Splitting of algebraic fiber spaces with nef relative anti-canonical divisor and decomposition of $F$-split varieties

TL;DR

This paper proves that certain algebraic fiber spaces in positive characteristic split into products after a finite base change, and applies this to generalize Beauville-Bogomolov decomposition, study the abundance conjecture, and analyze rational points.

Contribution

It establishes splitting results for algebraic fiber spaces with nef anti-canonical divisors in positive characteristic, extending known decompositions and positivity theorems.

Findings

Fiber spaces split after finite base change under certain conditions.

Generalization of Beauville-Bogomolov decomposition to positive characteristic.

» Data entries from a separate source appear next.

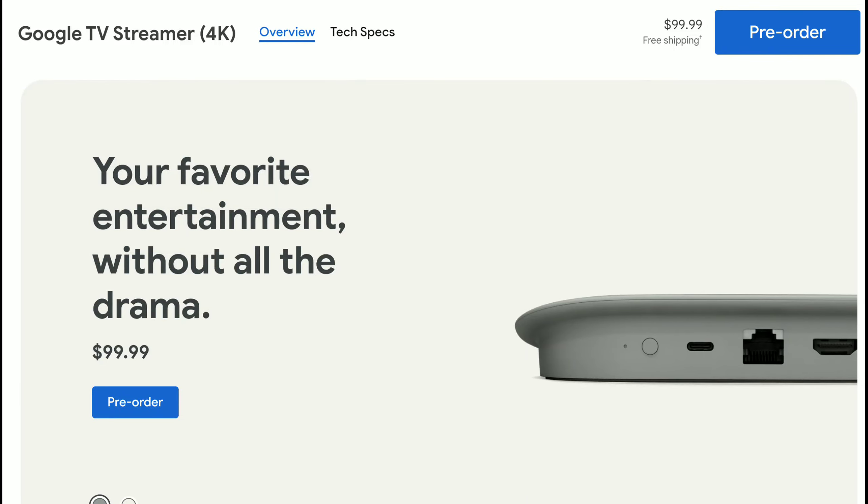Google has finally released their TV streamer. They have finally discontinued Chromecast and want to push forward with something new — a new name. They don't want to use Chromecast anymore, and this is the new Google TV Streamer. For the very first time since 2013, they are releasing a new streaming device for your entertainment. Let's take a look at what you can expect once you get your hands on it.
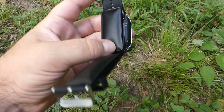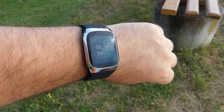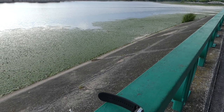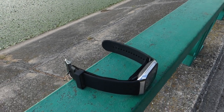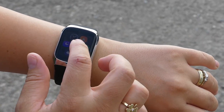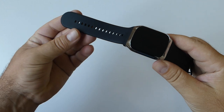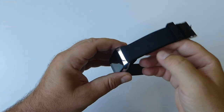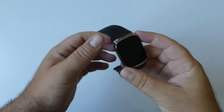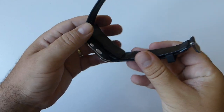BP Dr. Med features a sleek and modern design similar to high-end smartwatches. Its lightweight build — just 60 grams — makes it comfortable for all-day wear. The watch includes a customizable strap and a high-resolution touchscreen. The strap is made of skin-friendly PU material for luxurious comfort, and the color is a bright silver with a black wrist strap.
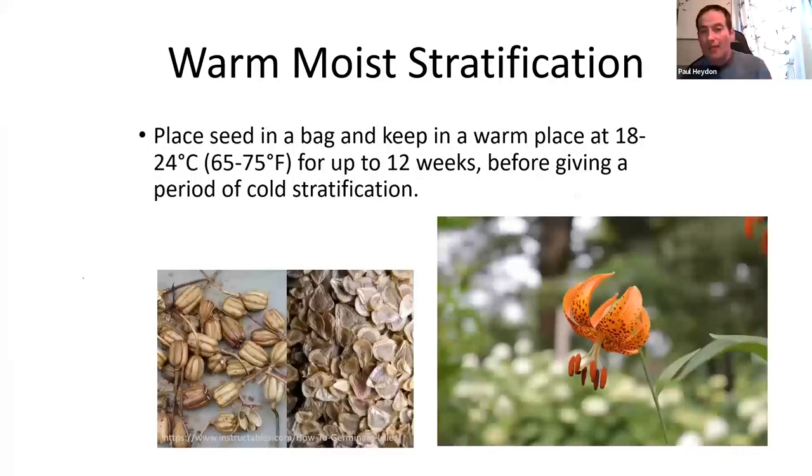Warm moist stratification applies to Michigan lily and Canada lily. Collect the seed, put it in perlite or vermiculite for about eight to twelve weeks at warm temperatures — the Michigan lilies will form tiny little bulblets — then transfer to a period of cold moist stratification. Wood lily, despite some literature suggesting otherwise, actually just needs standard cold moist stratification for about 60 days. If wood lilies go longer than 60 days in stratification, they tend to germinate in the bag and subsequently rot.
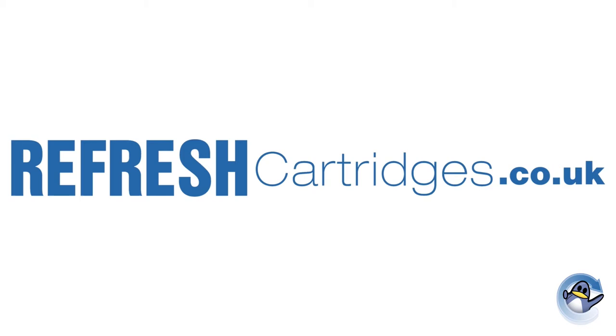At Refresh Cartridges, we receive a fair few calls and emails from customers who unfortunately cannot get the cartridge to either work or fit in their printer. This is often due to parts of the packaging still being attached to the cartridge — this is an easy fix.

Varieties over finite fields with nef anti-canonical divisors have rational points.

Abstract

In this paper, we prove that an algebraic fiber space $f:X\to Y$ over a perfect field $k$ of characteristic $p>0$ with nef relative anti-canonical divisor $-K_{X/Y}$ splits into the product after taking the base change along a finite cover of $Y$, if the geometric generic fiber has mild singularities and if one of the following conditions holds: (i) $k\subseteq\overline{\mathbb F_p}$; (ii) $\pi^{et}(Y)$ is finite; (iii) $-K_X$ is semi-ample and $Y$ is an abelian variety. As its application, we generalize Patakfalvi and Zdanowicz's Beauville-Bogomolov decomposition in positive characteristic to the case when the anti-canonical divisor is numerically equivalent to a semi-ample divisor, which is applied to study the abundance conjecture in a new case and the fundamental group of an $F$-split variety with semi-ample anti-canonical divisor. We also show that a variety over a finite field with nef anti-canonical divisor satisfying some conditions has a rational point. Furthermore, to show the splitting theorem, we generalize partially Popa and Schnell's global generation theorem and Viehweg's weak positivity theorem to the case of generalized pairs in positive characteristic.